Information given:
BEGIN

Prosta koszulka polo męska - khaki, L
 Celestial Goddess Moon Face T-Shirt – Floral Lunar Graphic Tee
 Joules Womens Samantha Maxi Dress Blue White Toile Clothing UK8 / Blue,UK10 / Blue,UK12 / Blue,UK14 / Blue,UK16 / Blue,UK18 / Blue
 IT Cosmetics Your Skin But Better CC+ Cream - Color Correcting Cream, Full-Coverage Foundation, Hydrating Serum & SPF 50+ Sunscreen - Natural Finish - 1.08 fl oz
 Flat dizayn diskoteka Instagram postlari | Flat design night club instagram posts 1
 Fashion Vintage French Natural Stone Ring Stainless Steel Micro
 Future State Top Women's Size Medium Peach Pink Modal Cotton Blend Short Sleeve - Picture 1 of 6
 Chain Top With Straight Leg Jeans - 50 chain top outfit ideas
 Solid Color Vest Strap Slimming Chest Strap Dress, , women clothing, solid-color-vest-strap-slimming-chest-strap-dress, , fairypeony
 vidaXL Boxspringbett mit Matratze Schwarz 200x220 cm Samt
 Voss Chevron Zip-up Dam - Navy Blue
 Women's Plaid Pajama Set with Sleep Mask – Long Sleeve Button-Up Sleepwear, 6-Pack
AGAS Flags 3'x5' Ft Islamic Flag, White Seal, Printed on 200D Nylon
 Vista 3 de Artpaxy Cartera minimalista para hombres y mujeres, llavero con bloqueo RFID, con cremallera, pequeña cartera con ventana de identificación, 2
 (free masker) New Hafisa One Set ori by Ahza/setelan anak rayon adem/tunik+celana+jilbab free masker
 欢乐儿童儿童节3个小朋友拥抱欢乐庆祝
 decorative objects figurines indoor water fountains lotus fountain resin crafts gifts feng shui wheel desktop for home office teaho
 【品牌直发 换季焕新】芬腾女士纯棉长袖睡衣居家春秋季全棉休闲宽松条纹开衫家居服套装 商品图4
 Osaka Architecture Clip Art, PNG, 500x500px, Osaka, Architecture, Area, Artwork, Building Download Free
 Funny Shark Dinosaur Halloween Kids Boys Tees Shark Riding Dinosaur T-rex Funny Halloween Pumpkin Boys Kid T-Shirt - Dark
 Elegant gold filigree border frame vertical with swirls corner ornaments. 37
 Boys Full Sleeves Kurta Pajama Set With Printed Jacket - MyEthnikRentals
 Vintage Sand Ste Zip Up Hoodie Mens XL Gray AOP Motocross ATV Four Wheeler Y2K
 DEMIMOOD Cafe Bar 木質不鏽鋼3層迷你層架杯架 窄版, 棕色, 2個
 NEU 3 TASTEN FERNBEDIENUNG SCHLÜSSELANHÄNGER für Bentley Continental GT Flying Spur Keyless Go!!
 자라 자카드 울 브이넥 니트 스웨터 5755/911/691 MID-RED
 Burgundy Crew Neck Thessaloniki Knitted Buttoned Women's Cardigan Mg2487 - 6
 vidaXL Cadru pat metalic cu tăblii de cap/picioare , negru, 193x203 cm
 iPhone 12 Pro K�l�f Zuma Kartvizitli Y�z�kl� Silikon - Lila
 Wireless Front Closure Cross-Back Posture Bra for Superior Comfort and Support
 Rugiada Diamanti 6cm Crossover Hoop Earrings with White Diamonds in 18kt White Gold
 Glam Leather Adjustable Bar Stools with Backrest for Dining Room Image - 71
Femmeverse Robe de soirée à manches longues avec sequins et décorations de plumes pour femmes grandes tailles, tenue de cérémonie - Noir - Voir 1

END

Try it: Having found the line with "Boys Full Sleeves", transcribe it and each line after it to the end of the entries, with no other lines.

Task answer:
 Boys Full Sleeves Kurta Pajama Set With Printed Jacket - MyEthnikRentals
 Vintage Sand Ste Zip Up Hoodie Mens XL Gray AOP Motocross ATV Four Wheeler Y2K
 DEMIMOOD Cafe Bar 木質不鏽鋼3層迷你層架杯架 窄版, 棕色, 2個
 NEU 3 TASTEN FERNBEDIENUNG SCHLÜSSELANHÄNGER für Bentley Continental GT Flying Spur Keyless Go!!
 자라 자카드 울 브이넥 니트 스웨터 5755/911/691 MID-RED
 Burgundy Crew Neck Thessaloniki Knitted Buttoned Women's Cardigan Mg2487 - 6
 vidaXL Cadru pat metalic cu tăblii de cap/picioare , negru, 193x203 cm
 iPhone 12 Pro K�l�f Zuma Kartvizitli Y�z�kl� Silikon - Lila
 Wireless Front Closure Cross-Back Posture Bra for Superior Comfort and Support
 Rugiada Diamanti 6cm Crossover Hoop Earrings with White Diamonds in 18kt White Gold
 Glam Leather Adjustable Bar Stools with Backrest for Dining Room Image - 71
Femmeverse Robe de soirée à manches longues avec sequins et décorations de plumes pour femmes grandes tailles, tenue de cérémonie - Noir - Voir 1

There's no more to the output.